Menurut Farida, jaringan KDKMP yang tersebar di berbagai wilayah diharapkan mampu memangkas rantai distribusi yang selama ini menjadi kendala bagi pelaku UMKM. Dengan sistem tersebut, produk lokal tidak hanya dipasarkan di daerah asal, tetapi juga memiliki peluang menjangkau konsumen di berbagai daerah di Indonesia.
Selain menjadi jalur distribusi produk UMKM, KDKMP juga diproyeksikan sebagai pusat penyedia kebutuhan pokok masyarakat desa. Berbagai komoditas seperti beras, minyak goreng, hingga pupuk diharapkan dapat disalurkan dengan harga yang lebih terjangkau karena rantai distribusinya menjadi lebih singkat.
Farida juga mengungkapkan bahwa pelaku UMKM yang bergabung sebagai anggota koperasi memperoleh kesempatan mengakses pembiayaan melalui Lembaga Pengelola Dana Bergulir (LPDB). Skema pembiayaan tersebut menawarkan bunga sekitar 6 persen per tahun yang dapat dimanfaatkan untuk memperbesar kapasitas produksi maupun investasi peralatan usaha.
"Fungsinya, saat bergabung di koperasi, bapak-ibu bisa akses pembiayaan bunga rendah untuk meningkatkan produksi atau membeli alat baru.
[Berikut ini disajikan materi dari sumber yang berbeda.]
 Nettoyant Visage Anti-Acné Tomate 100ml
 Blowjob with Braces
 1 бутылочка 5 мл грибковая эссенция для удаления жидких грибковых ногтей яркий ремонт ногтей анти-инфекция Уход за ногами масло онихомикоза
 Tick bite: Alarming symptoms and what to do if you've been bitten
Ada juga ruang agregasi untuk saling bertukar informasi pasar," katanya.
Di tengah ketidakpastian ekonomi global serta fluktuasi harga komoditas impor, Farida mengajak pelaku UMKM untuk lebih mengoptimalkan penggunaan bahan baku lokal. Menurutnya, langkah tersebut akan memperkuat ketahanan usaha sekaligus mengurangi ketergantungan terhadap bahan baku dari luar negeri.
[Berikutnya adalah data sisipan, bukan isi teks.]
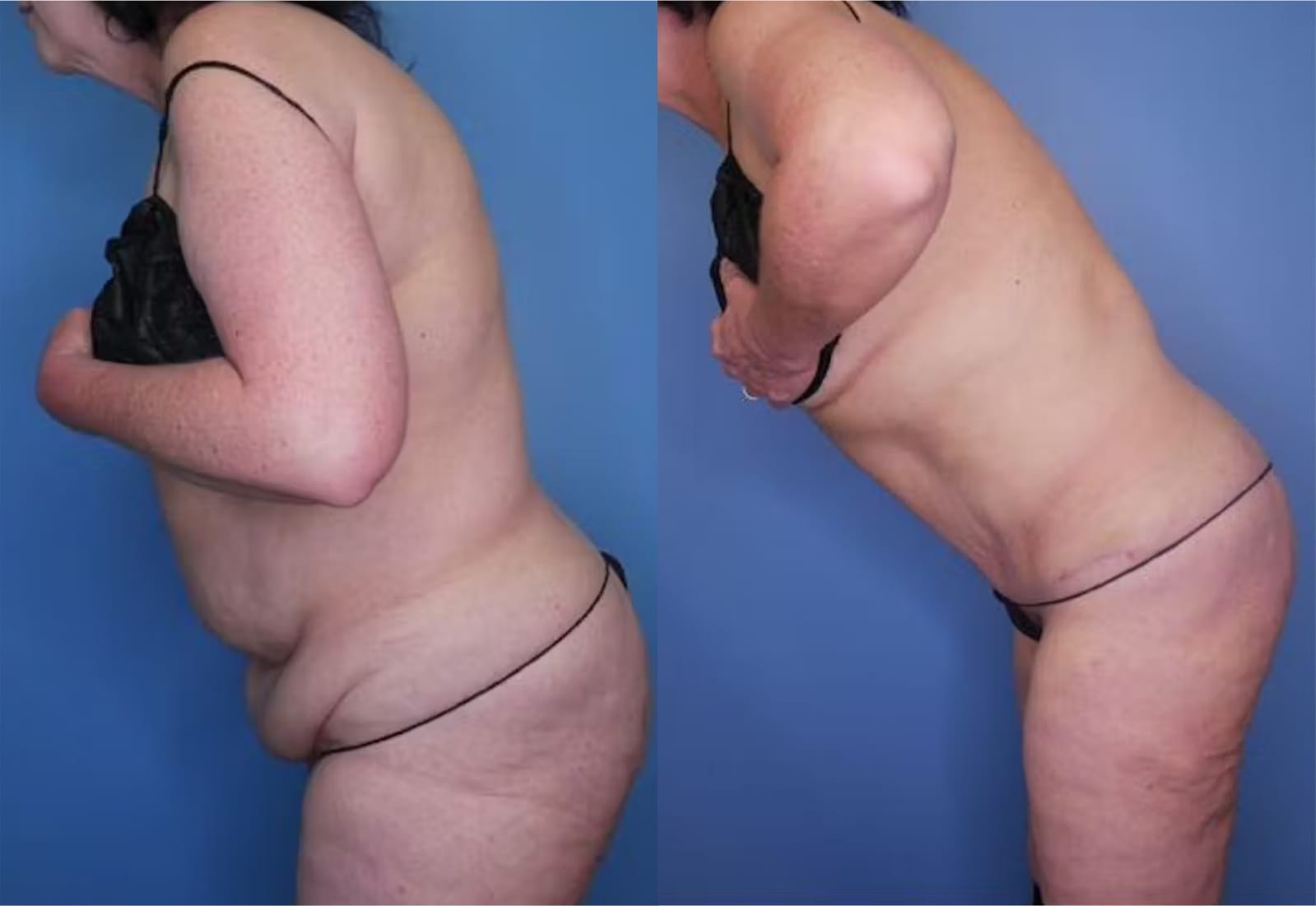 Before and After Image: Tummy Tuck (Abdominoplasty) - other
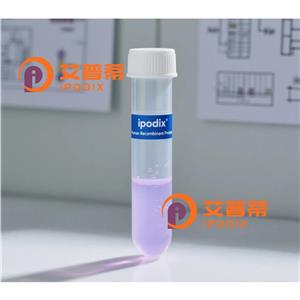 TMPRSS5抗体,Rabbit Polyclonal TMPRSS5 Antibody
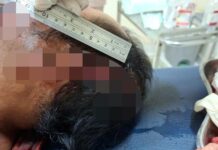 Sengketa Tanah Warisan, Warga Lombok Ditebas Parang oleh Saudaranya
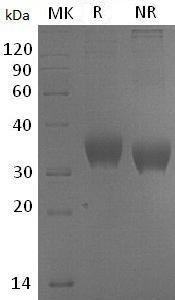 Human SLAMF8/BLAME (His tag) recombinant protein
Ia menilai sektor UMKM memiliki daya tahan yang relatif lebih baik ketika menghadapi gejolak ekonomi karena sebagian besar memanfaatkan sumber daya lokal dibandingkan industri yang masih bergantung pada bahan baku impor.
Pemerintah, lanjut Farida, juga terus membuka peluang agar produk-produk UMKM daerah mampu menembus pasar internasional. Upaya tersebut dilakukan melalui kolaborasi dengan berbagai pihak, di antaranya Smesco Indonesia dan Kementerian Perdagangan, guna memperluas akses promosi dan ekspor bagi pelaku usaha.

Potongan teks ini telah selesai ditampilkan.